_DATA PROVIDED_.
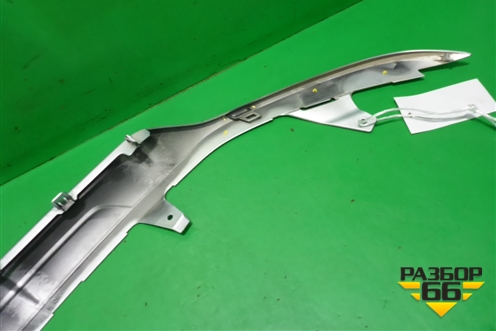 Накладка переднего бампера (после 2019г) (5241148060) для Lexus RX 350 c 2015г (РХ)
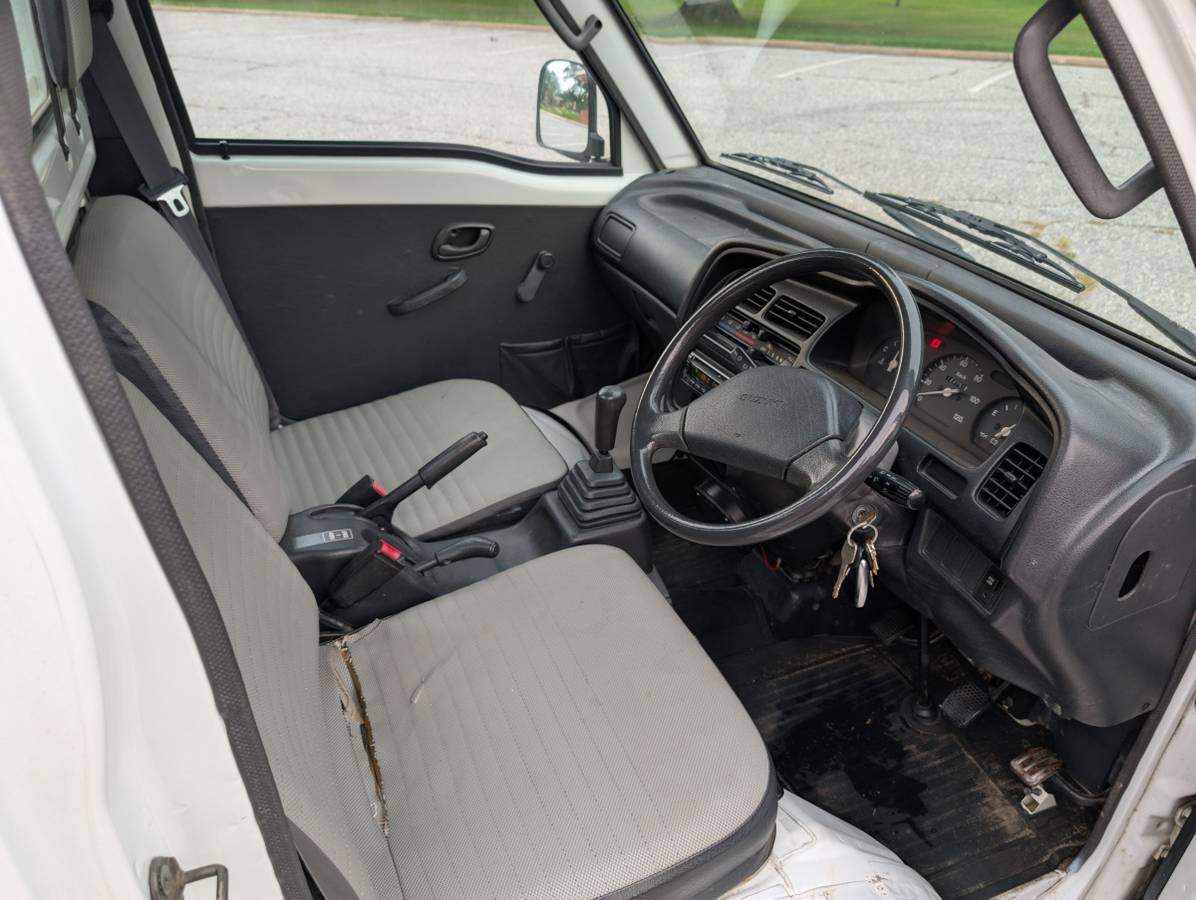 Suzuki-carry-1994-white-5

...

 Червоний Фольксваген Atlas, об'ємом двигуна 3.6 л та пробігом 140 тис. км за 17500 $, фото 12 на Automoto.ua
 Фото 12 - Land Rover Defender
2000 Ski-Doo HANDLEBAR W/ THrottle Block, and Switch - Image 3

--

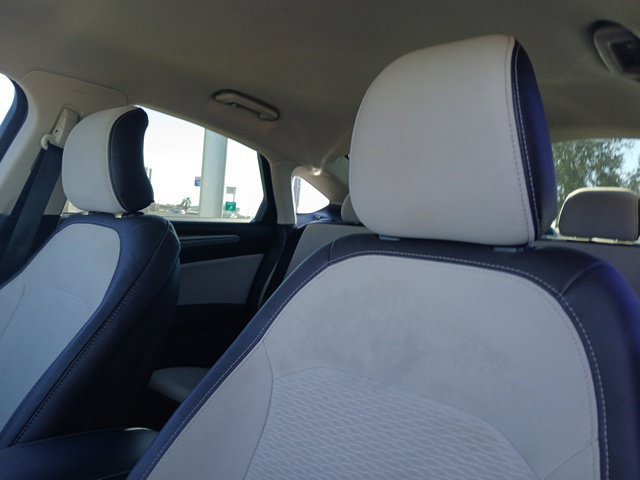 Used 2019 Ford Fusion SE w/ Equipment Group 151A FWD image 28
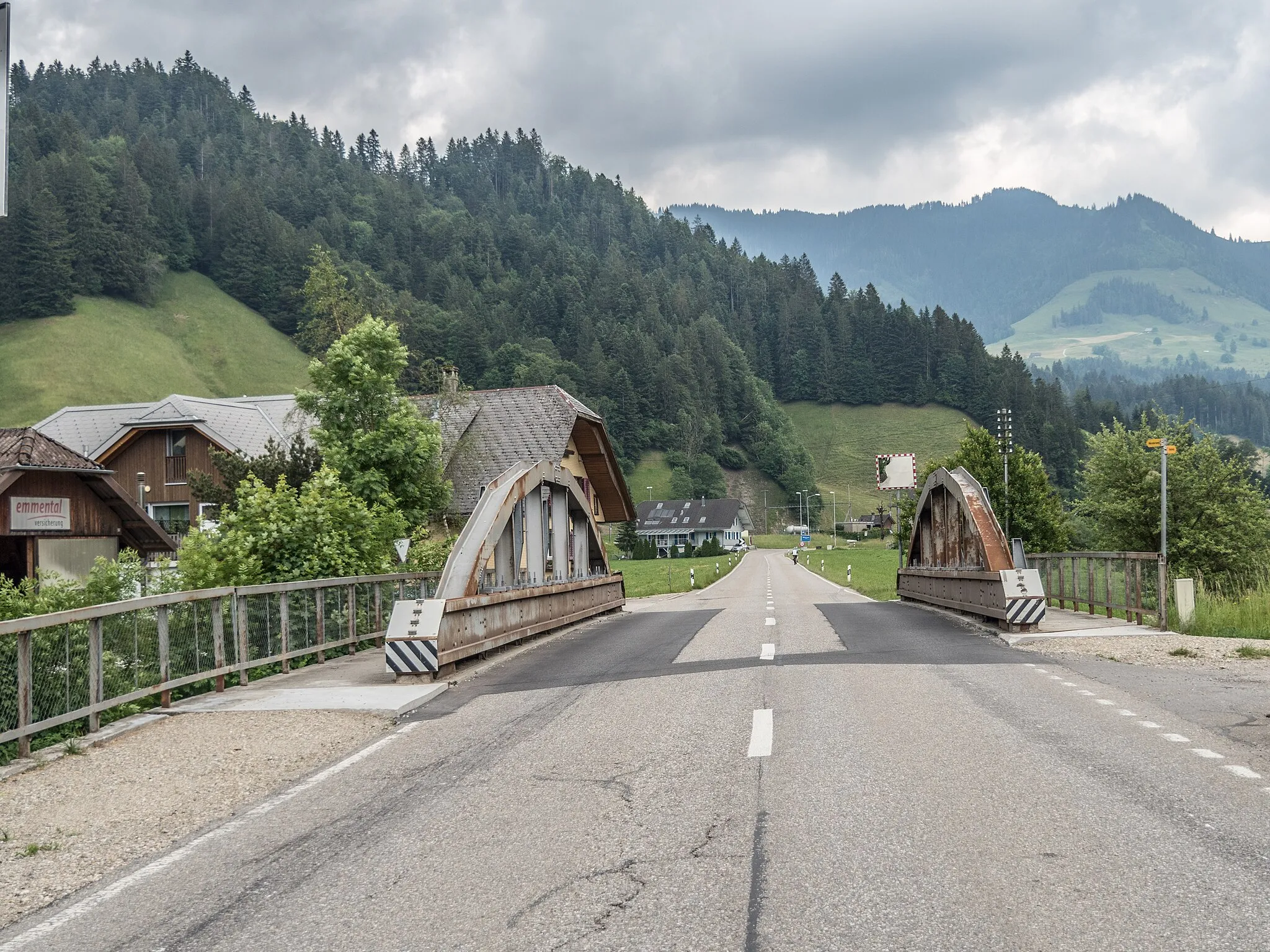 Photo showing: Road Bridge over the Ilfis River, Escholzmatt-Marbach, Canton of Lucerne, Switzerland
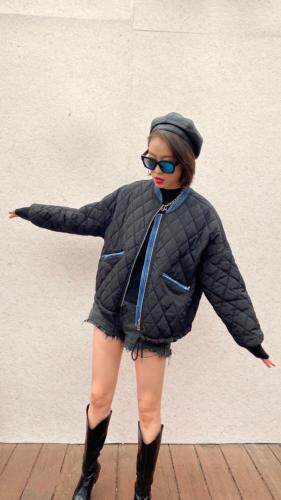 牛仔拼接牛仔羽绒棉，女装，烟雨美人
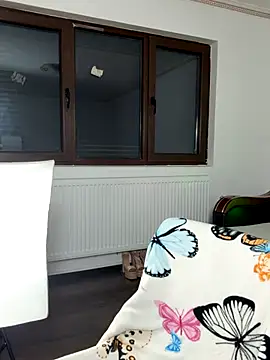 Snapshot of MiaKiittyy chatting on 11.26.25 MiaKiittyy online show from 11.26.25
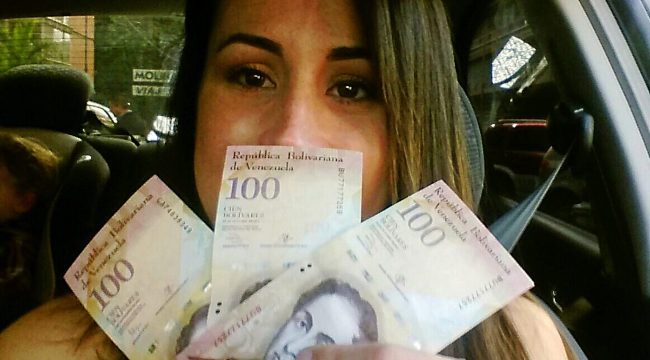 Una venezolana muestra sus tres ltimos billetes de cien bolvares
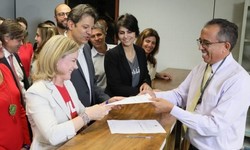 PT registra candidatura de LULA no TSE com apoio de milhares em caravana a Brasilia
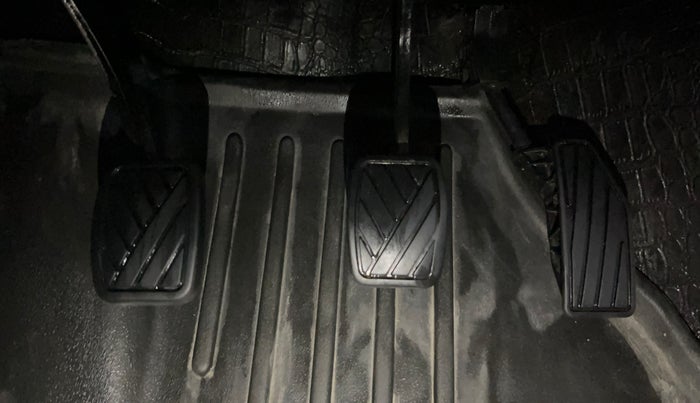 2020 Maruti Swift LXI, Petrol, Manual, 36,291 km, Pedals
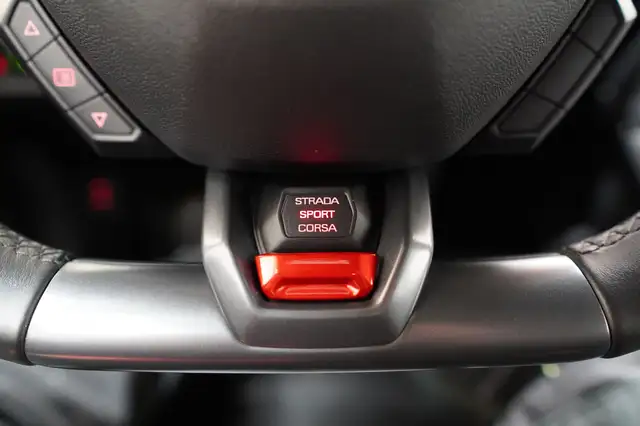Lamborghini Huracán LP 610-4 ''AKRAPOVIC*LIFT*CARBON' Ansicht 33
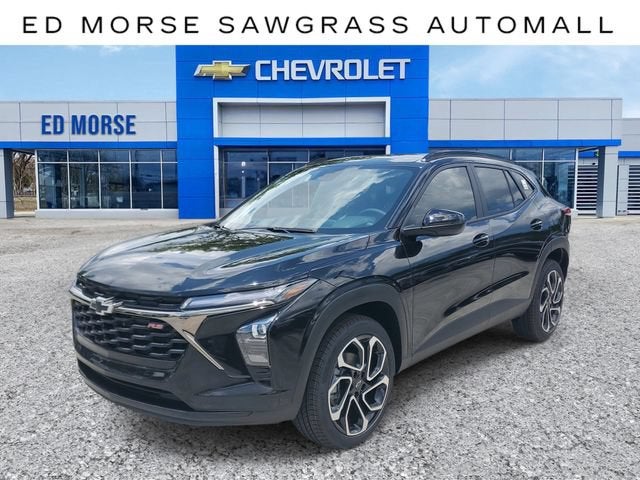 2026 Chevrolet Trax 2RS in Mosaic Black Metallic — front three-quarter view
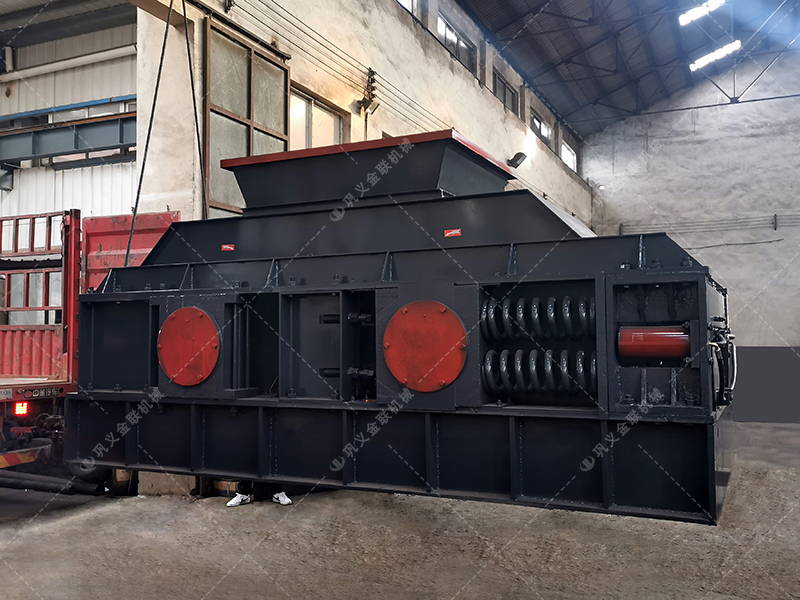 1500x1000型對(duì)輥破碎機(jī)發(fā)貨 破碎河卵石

_HOW TO COMPLETE THIS TASK_.
Repeat, without pictures, exactly the lines of the data above from the one containing "2026 Chevrolet Trax" through the one containing "1500x1000型對(duì)輥破碎機(jī)發(fā)貨 破碎河卵石", including both and adding nothing.

_OUTPUT FOR THIS TASK_.
 2026 Chevrolet Trax 2RS in Mosaic Black Metallic — front three-quarter view
 1500x1000型對(duì)輥破碎機(jī)發(fā)貨 破碎河卵石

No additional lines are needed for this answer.